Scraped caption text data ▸
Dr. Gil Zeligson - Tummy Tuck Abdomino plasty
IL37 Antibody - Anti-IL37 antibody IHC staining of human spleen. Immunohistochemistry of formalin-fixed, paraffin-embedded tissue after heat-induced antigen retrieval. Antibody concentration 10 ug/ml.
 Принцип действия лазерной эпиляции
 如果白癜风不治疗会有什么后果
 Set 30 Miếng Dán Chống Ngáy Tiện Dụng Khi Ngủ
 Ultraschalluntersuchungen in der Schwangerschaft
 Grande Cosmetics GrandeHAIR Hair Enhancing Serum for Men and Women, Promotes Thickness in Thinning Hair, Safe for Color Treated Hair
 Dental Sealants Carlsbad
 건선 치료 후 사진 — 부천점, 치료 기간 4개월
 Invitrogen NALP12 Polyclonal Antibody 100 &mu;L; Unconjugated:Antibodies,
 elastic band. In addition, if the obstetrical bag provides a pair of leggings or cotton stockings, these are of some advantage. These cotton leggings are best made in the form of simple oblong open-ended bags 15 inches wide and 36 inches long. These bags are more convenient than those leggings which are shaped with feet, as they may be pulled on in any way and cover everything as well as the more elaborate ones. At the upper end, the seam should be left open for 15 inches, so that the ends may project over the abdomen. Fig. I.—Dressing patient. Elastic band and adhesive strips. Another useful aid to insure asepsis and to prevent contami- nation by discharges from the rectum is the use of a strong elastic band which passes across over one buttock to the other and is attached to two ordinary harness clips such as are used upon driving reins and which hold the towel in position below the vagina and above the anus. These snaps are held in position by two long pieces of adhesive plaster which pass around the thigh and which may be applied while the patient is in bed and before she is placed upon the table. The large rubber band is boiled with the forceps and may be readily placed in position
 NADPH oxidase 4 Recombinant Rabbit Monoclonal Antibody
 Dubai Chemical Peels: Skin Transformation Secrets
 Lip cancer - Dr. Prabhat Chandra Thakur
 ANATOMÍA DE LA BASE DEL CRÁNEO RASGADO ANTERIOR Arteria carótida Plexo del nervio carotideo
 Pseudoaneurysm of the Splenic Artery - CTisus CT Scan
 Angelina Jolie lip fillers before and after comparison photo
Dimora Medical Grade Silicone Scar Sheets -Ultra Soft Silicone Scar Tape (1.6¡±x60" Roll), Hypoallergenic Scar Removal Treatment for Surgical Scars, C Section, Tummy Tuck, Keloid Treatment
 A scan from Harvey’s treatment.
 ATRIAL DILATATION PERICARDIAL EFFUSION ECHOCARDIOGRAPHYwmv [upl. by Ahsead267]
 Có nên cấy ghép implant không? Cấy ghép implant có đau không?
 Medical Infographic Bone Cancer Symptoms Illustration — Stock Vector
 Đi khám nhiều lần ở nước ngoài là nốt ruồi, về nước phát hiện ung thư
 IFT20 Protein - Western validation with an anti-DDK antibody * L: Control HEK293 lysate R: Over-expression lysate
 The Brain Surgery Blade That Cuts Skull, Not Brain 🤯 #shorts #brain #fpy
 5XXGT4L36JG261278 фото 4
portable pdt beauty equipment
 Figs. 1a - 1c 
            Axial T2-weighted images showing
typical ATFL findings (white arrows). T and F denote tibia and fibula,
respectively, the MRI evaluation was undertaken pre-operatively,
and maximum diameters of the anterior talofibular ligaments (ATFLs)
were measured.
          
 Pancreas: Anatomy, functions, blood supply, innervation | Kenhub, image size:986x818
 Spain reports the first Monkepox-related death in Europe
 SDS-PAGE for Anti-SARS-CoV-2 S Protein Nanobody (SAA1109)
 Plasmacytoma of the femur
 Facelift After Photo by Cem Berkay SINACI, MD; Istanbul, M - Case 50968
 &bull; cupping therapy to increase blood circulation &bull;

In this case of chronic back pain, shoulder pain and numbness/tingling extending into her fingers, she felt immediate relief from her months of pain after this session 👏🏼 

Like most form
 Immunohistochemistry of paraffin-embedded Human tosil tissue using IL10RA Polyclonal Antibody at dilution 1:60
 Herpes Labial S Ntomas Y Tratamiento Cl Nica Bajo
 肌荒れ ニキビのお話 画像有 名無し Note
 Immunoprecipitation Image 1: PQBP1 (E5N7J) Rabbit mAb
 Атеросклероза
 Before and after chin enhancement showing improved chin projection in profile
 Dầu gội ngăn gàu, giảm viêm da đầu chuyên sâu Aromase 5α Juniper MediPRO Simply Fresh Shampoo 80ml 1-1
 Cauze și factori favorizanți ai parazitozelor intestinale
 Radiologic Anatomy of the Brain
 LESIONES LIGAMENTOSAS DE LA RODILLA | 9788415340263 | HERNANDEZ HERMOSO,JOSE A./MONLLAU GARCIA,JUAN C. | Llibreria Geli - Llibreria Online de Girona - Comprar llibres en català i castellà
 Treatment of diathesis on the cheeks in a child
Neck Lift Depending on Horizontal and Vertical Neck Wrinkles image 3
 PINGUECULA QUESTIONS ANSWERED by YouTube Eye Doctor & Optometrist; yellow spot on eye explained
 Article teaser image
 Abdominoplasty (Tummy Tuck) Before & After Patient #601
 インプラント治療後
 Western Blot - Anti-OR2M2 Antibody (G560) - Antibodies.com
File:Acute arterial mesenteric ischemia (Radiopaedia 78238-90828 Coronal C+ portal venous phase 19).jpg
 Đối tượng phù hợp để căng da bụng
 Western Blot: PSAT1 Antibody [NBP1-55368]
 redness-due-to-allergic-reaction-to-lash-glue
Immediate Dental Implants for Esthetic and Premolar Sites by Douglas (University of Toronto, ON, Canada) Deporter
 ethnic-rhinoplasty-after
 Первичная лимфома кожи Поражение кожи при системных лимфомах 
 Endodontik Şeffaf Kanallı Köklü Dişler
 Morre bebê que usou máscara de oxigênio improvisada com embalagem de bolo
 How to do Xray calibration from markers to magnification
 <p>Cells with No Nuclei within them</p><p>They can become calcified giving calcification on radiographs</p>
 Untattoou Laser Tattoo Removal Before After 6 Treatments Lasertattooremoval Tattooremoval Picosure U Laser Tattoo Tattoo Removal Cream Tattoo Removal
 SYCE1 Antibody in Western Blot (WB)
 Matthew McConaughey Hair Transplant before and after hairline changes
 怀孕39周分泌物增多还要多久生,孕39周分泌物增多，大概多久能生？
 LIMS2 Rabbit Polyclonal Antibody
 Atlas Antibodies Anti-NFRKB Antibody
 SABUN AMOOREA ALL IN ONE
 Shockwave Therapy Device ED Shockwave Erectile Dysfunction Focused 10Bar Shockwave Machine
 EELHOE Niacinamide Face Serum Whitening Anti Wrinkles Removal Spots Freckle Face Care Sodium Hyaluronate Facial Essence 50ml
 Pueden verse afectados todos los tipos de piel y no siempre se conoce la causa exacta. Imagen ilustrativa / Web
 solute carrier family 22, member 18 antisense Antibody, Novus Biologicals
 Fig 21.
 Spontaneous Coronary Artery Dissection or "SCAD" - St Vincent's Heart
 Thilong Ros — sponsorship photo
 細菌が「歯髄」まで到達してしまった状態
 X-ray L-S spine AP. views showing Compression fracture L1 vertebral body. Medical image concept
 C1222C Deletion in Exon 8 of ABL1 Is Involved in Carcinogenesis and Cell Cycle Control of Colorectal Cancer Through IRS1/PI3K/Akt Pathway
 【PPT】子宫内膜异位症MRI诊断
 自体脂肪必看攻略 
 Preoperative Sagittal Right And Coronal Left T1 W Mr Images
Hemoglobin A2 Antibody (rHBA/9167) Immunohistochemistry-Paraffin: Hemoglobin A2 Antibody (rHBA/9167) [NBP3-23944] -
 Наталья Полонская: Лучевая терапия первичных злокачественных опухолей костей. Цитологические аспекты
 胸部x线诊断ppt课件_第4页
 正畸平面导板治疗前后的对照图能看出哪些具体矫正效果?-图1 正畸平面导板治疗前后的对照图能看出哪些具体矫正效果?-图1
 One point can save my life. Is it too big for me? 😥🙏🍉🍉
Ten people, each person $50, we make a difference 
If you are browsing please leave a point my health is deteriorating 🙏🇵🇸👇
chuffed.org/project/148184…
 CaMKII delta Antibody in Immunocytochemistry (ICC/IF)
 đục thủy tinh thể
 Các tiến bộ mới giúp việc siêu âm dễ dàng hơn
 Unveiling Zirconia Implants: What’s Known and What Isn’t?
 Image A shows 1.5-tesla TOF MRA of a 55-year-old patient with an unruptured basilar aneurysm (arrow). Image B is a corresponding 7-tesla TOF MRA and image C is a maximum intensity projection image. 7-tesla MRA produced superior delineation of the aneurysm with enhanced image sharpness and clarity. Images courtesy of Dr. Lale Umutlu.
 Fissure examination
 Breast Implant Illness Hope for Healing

Task to carry out ▸
All the lines that hold the word "blood" must appear in the answer, copied from the records.

Response to the task ▸
 Pancreas: Anatomy, functions, blood supply, innervation | Kenhub, image size:986x818
 &bull; cupping therapy to increase blood circulation &bull;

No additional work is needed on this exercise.